PROVIDED RECORDS:
=-=-=
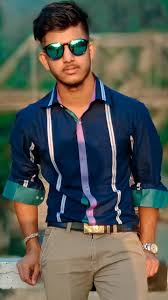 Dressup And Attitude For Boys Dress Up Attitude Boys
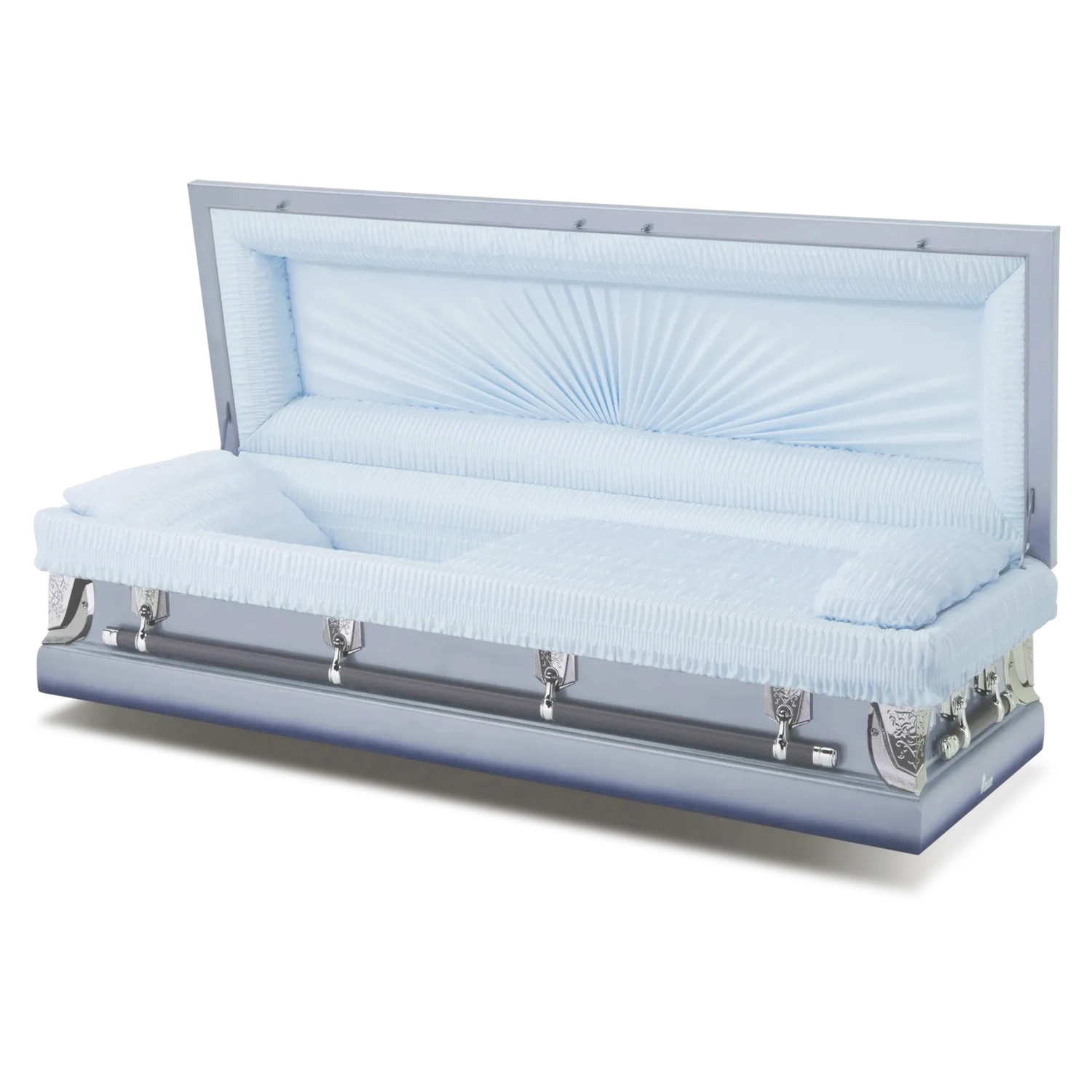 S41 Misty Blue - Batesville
=-=-=
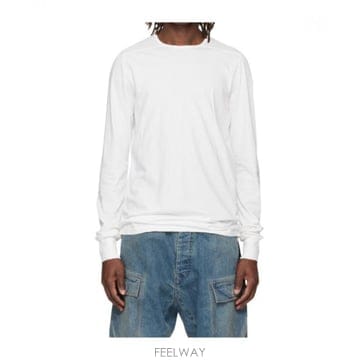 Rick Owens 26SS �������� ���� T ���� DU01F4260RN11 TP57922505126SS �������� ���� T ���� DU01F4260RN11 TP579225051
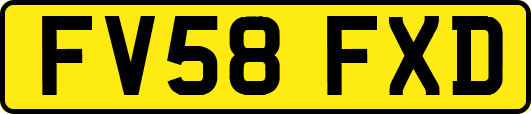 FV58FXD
=-=-=
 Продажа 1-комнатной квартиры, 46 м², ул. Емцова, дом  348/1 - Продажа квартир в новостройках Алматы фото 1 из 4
=-=-=
TASK REQUIREMENTS: Only the lines starting at the one with "Dressup And Attitude" and ending at the one with "S41 Misty Blue - Batesville" should be printed, each exactly as it appears in the material above; the pictures are to be omitted.

ANSWER SECTION:
 Dressup And Attitude For Boys Dress Up Attitude Boys
 S41 Misty Blue - Batesville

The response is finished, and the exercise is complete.